Однажды вечером Бенедьо вернулся домой позже обычного и застал под домом Сеня Басараба, брата Андруся. С обычным выражением непоколебимого спокойствия на красноватом, чуть одутловатом лице он сидел на лавке под окном и курил трубку. Поздоровались.
— Ну что, Матия нет?
— Нет. А Андрусь?
— Тоже ещё не вернулся. И Стасюры нет.
— Видно, что-то серьёзное затеяли там, в Дрогобыче.
— Посмотрим, — буркнул Сень и замолчал. — А ты слышал, что случилось? — спросил он спустя минуту, заходя с Бенедьо в дом.
— Нет, а что такое?
— История.
— Какая?
— А такая! Пропал один жидок. Знаешь того, на которого Прийдеволя так жаловался, кассира этого самого — помнишь?...
— Помню, помню! Ну и что с ним случилось?
— А что бы? Пропал на несколько дней, а сегодня его достали из ямы. Уже и комиссия приехала — будут бедное тело резать, будто оно скажет, как попало в яму, да ещё за рёбра на гвоздь зацепилось!
Бенедя передёрнуло от этого рассказа.
— Прямо как с Матиевым другом, Иваном Пивтораком! — прошептал он.
— Ага, вроде да, а вроде и нет, — ответил Сень. — Того жида отравили, а этого…
Не договорил, но Бенедьо понял, о чём речь.
— Ну и что? — спросил он после тяжёлой паузы.
— А что? Носил волк — понесли и волка. А концы — в воду.
— А что люди говорят?
— Какие люди? Комиссия? Комиссия поест, попьёт, тело разрежет, порежет и уедет.
— Нет, я не про комиссию, а так, рипники что говорят?
— Рипники? А что им говорить? Постояли, посмотрели на покойника, покачали головами, кто-то шепнул: «Вор был, чтоб его бог побил!» — и пошли дальше на работу.
— Значит, дело пропало, и труд напрасен! — сквозь зубы процедил Бенедьо.
— Как? Пропало? Напрасен? — удивлённо переспросил Сень.
— Другим от этого не легче станет.
— Но одним ворюгой на свете меньше.
— Не бойся, на его место завтра же другой станет.
— Но хоть бояться будет.
— Овва!
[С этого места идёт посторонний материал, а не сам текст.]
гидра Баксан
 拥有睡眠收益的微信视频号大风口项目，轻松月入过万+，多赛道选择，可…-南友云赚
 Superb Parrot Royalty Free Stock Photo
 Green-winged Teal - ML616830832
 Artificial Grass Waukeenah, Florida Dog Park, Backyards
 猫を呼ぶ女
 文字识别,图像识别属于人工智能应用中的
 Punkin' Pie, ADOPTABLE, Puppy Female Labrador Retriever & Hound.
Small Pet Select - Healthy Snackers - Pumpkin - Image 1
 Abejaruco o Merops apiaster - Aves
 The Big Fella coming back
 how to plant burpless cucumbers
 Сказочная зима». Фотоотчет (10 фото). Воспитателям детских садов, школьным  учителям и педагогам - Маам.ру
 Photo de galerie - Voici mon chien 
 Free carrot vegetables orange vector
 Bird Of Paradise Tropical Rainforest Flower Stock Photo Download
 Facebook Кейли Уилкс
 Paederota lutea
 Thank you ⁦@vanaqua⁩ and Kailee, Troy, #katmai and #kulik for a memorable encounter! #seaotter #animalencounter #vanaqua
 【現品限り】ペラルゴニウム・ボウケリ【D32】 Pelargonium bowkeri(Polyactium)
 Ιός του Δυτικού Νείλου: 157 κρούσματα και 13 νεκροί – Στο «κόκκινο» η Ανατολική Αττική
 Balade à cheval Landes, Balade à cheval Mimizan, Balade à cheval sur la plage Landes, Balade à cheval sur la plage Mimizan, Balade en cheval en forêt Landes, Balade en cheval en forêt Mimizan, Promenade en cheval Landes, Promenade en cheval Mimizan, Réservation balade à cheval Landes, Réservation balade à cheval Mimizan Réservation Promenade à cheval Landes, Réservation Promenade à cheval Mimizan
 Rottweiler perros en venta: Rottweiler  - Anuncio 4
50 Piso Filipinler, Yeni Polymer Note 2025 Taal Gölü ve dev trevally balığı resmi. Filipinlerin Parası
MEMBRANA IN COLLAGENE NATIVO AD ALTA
Чего бояться? Если не найдут, кто это сделал — объявят несчастным случаем или типа «сам упал». А если найдут — посадят кого-нибудь, и чего тогда вор будет бояться?
Сень удивлённо слушал этот разговор. Он думал, что Бенедьо обрадуется, а наткнулся на упрёк.
— Ну, а чего бы ты хотел?
— Я бы хотел, чтобы если уж что-то делается, и уж такой большой грех на душу берётся — чтобы эта работа хоть на что-то была годна, чтобы принесла пользу не одному, а всем.